Meist sind die externen Systeme günstiger und teilweise auch besser zu handhaben als eine direkte S7-Siemens-Komponente. 

Ob man Produkte anderer Hersteller als "Baumarktprodukt" bezeichnen will, liegt im Auge des Betrachters. 
Man muss immer dran denken: Nicht Siemens hat die Welt erschaffen, sondern Gott! *ROFL*


----------



## Lars Weiß (11 Februar 2010)

Was ist das denn für eine schwachsinnige Anforderung ? 
Entweder ich trenne es von der Siemens-Welt oder ich trenne nicht.

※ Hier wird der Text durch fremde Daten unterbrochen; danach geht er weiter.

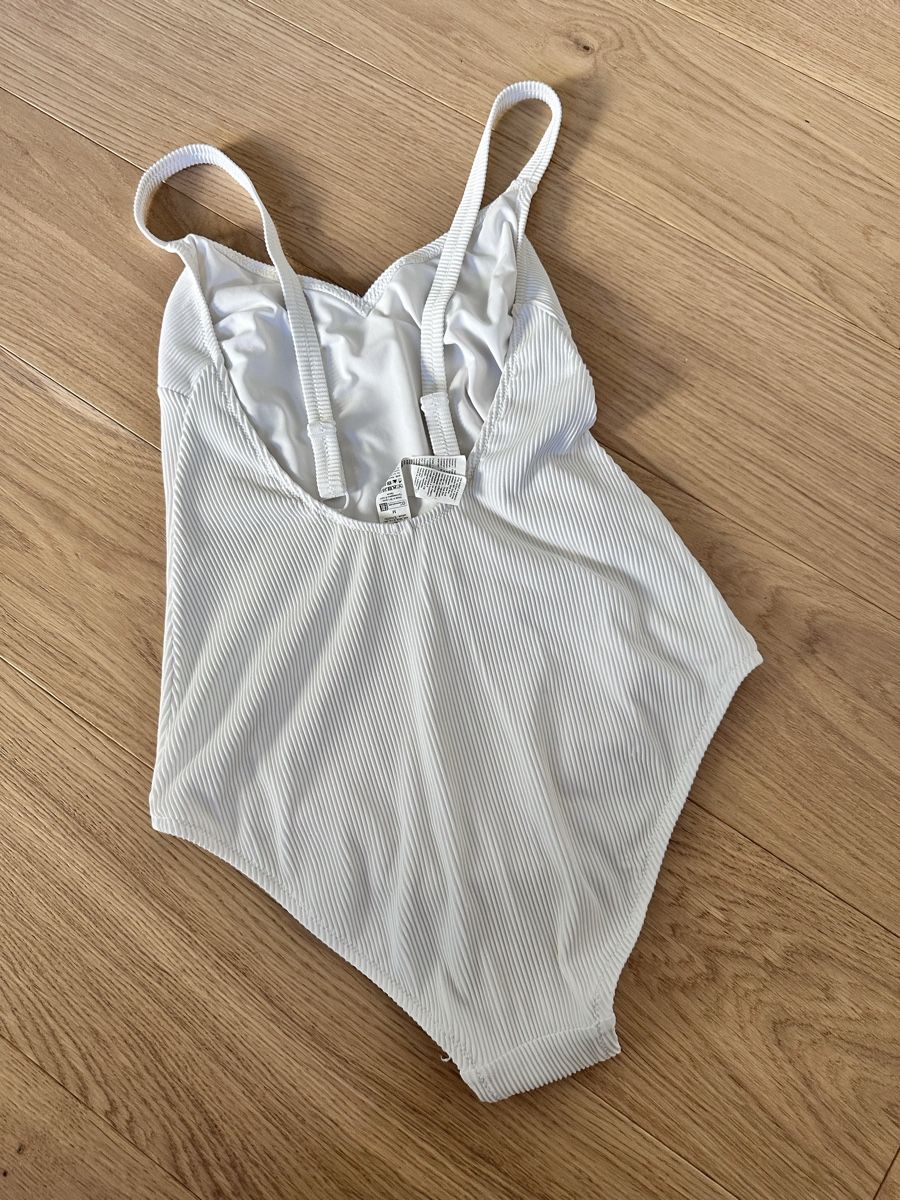 Badekleider & Bikinis: Badekleid weiss – Gebraucht aus Küssnacht am Rigi von annine.l. 2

Gateway ODER mit Step7 konfigurierbar. 

Wo liegt denn das Problem ???


----------



## ProFieldTec (12 Februar 2010)

Das Thema ist ja  schon länger durch, aber für weitere Anforderungen hier mal ein paar Adressen:

Hilscher NetTAP 100-DP-RS
http://de.hilscher.com/products_details_hardware.html?p_id=P_4a9ce97d744bf&bs=8

Deutschmann Unigate
http://www.deutschmann.de/de/produkte/feldbus_iep/gateways/

HMS (Anybus) Profibus-DP Serial Gateway 
http://anybus.com/products/products.asp?PID=104&ProductType=Anybus%20Communicator

___________________________

Und wenn ich mir die Anmerkung noch erlauben darf.

> Was ist das denn für eine schwachsinnige Anforderung ? 

Der Kunde macht die Anforderungen und der Kunde ist König.
Von daher können seine Anforderungen zwar schwer verständlich, aber
kein "Schwachsinn" sein,


----------